> **Prompt**:
Write the data out in full and word for word. Do not include images.

> **Data below**:
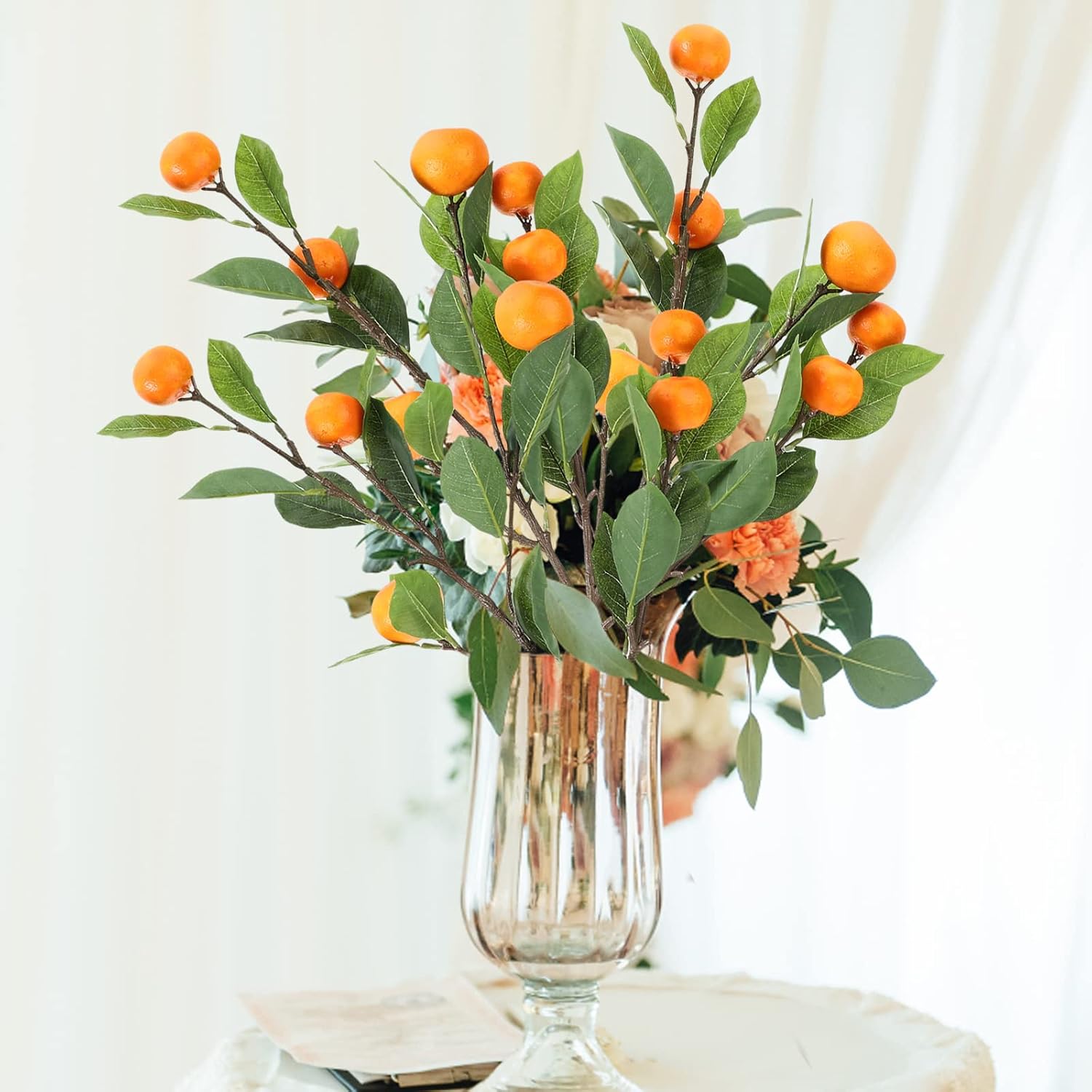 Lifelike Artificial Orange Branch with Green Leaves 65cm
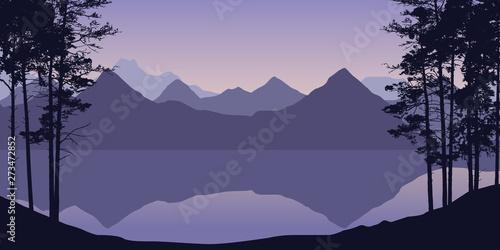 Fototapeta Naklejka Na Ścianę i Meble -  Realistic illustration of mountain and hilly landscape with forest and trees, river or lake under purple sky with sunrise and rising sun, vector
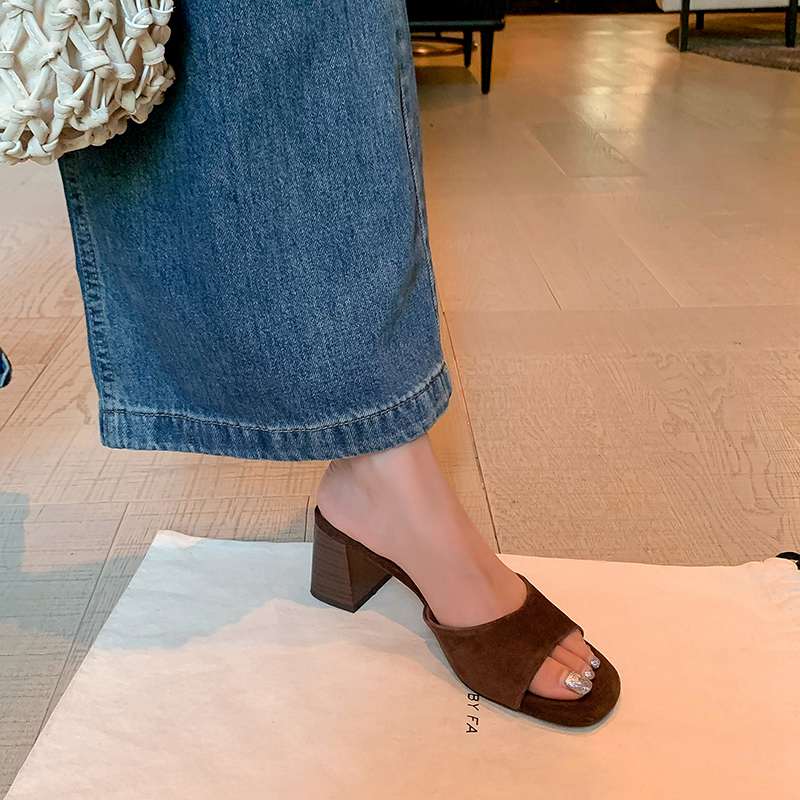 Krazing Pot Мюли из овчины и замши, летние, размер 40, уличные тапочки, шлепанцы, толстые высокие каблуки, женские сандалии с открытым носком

> **Written answer**:
 Lifelike Artificial Orange Branch with Green Leaves 65cm
 Fototapeta Naklejka Na Ścianę i Meble -  Realistic illustration of mountain and hilly landscape with forest and trees, river or lake under purple sky with sunrise and rising sun, vector
 Krazing Pot Мюли из овчины и замши, летние, размер 40, уличные тапочки, шлепанцы, толстые высокие каблуки, женские сандалии с открытым носком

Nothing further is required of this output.